Department of Surgery, Virginia Commonwealth University, Richmond, VA 23219-0645, USA.
Transplantation. 2011 Mar 27;91(6):657-65. doi: 10.1097/TP.0b013e3182094a5a.
Loss of kidney graft function due to interstitial fibrosis (IF) and tubular atrophy (TA) is the most common cause of kidney allograft loss.
One hundred one allograft tissues (26 samples with IF/TA, 17 normal allografts, and an independent biopsy group collected at 3 month [n=34] posttransplantation) underwent microarray analysis to identify early detection/diagnostic biomarkers of IF/TA. Profiling of 24 allograft biopsies collected at or after 9-month posttransplantation (range 9-18 months) was used for validation. Three-month posttransplantation biopsies were classified as IF/TA nonprogressors (group 1) or progressors (group 2) using graft function and histology at 9-month posttransplantation.

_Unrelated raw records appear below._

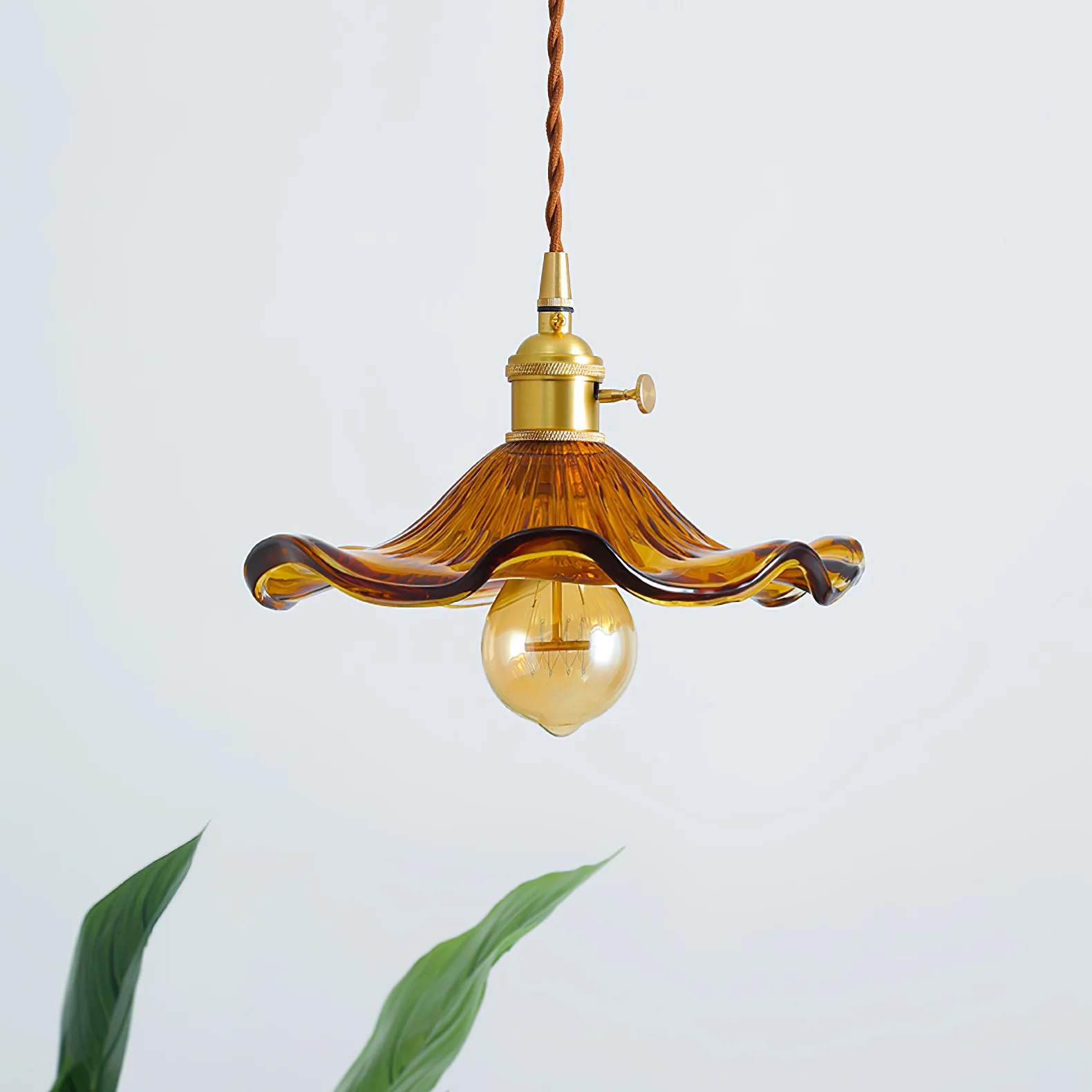 Glass Hibiscus Flower Swag Light - Image 45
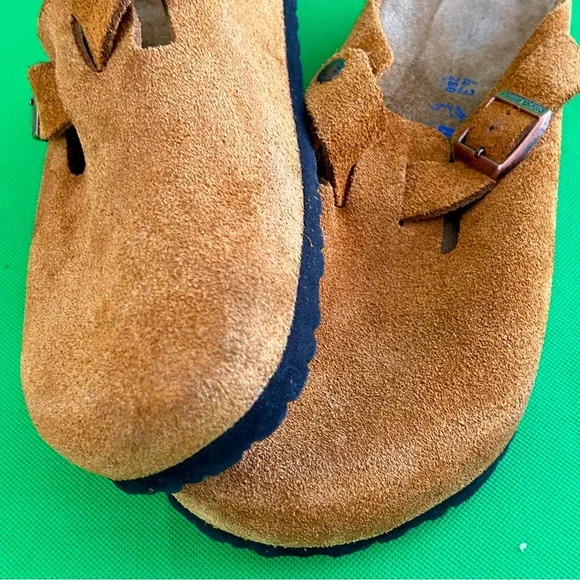 Birkenstock’s Boston soft footbed mink suede clogs Size 43 Men's 10 - Picture 14 of 16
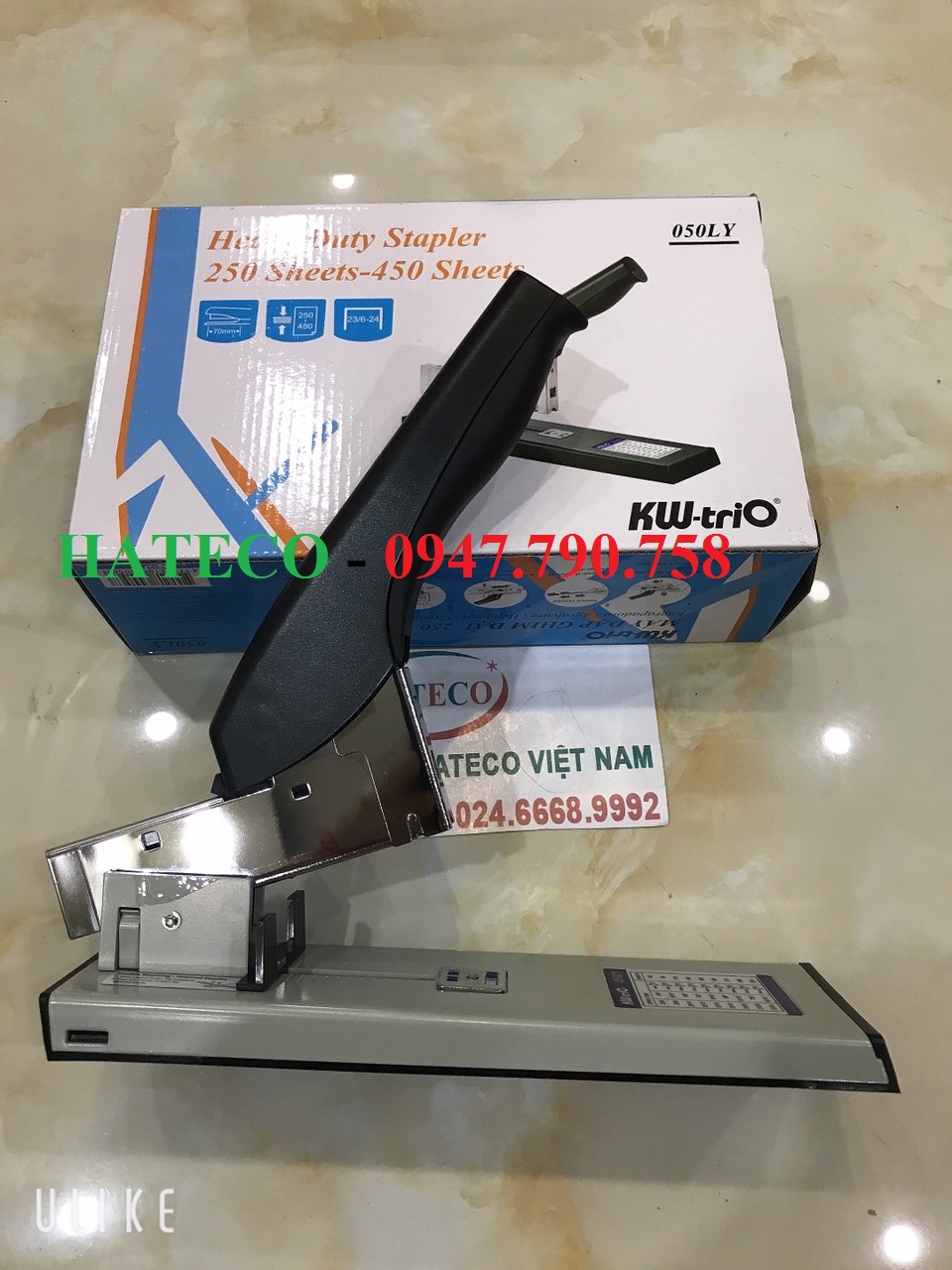 DẬP GHIM ĐẠI 250 TỜ - 450 TỜ KW-TRIO 050LY HÀNG CHÍNH HÃNG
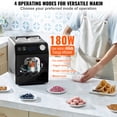 thumbnail image 3 of KFFKFF Vertical Ice Cream Machine with Integrated Compressor, 2 Quart Instant Fruit Yogurt Device, Stainless Steel Electronic Sorbet Creator, 4 Function Gelato Producer with Digital Screen & Timer, 3 of 9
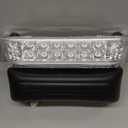 Drive-up Club Car Precedent Led Head Light with Bumper Replacement for 2004-UP Electric Golf Carts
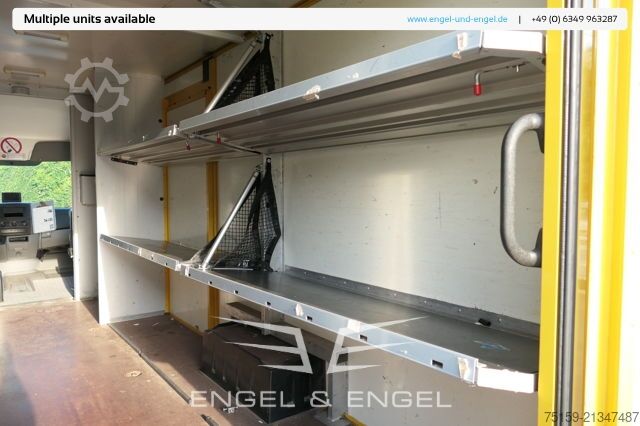 Transporter mit Koffer mercedes-benz SPRINTER 310 CDI MAXI EURO-5 KOFFER REGALE KAMERA DURCHGANG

We identified 2223 differentially expressed probe sets between IF/TA and normal allograft biopsies using a Bonferroni correction. Genes up-regulated in IF/TA were primarily involved in pathways related to T-cell activation, natural killer cell-mediated cytotoxicity, and programmed cell death. A least absolute shrinkage and selection operator model was derived from the differentially expressed probe sets, resulting in a final model that included 10 probe sets and had 100% training set accuracy. The N-fold crossvalidated error was 2.4% (sensitivity 95.8% and specificity 100%). When 3-month biopsies were tested using the model, all the samples were classified as normal. However, evaluating gene expression of the 3-month biopsies and fitting a new penalized model, 100% sensitivity was observed in classifying the samples as group1 or 2. This model was evaluated in the sample set collected at or after 9-month posttransplantation.
An IF/TA gene expression signature was identified, and it was useful for diagnosis but not prediction. However, gene expression profiles at 3 months might predict IF/TA progression.
由于间质纤维化 (IF) 和肾小管萎缩 (TA) 导致的移植物功能丧失是肾移植失败的最常见原因。
101 例移植组织(26 例 IF/TA 样本、17 例正常移植组织,以及 3 个月 [n=34] 移植后独立活检组)进行微阵列分析,以鉴定 IF/TA 的早期检测/诊断生物标志物。对 24 例移植后 9 个月或以上(9-18 个月)采集的移植组织进行分析以验证。采用 9 个月时的移植物功能和组织学将 3 个月时的活检分为 IF/TA 无进展组(第 1 组)或进展组(第 2 组)。
我们使用 Bonferroni 校正发现 IF/TA 与正常移植组织活检之间有 2223 个差异表达的探针。IF/TA 中上调的基因主要参与 T 细胞激活、自然杀伤细胞介导的细胞毒性和程序性细胞死亡途径。从差异表达探针中得出了最小绝对收缩和选择算子模型,最终模型包括 10 个探针,训练集准确率为 100%。N 折交叉验证误差为 2.4%(灵敏度 95.8%,特异性 100%)。使用该模型检测 3 个月时的活检时,所有样本均被归类为正常。然而,评估 3 个月时的基因表达并拟合新的惩罚模型时,将样本分类为第 1 组或第 2 组的灵敏度为 100%。该模型在移植后 9 个月或以上采集的样本中进行了评估。
鉴定了 IF/TA 的基因表达特征,该特征有助于诊断但不预测。然而,3 个月时的基因表达谱可能预测 IF/TA 的进展。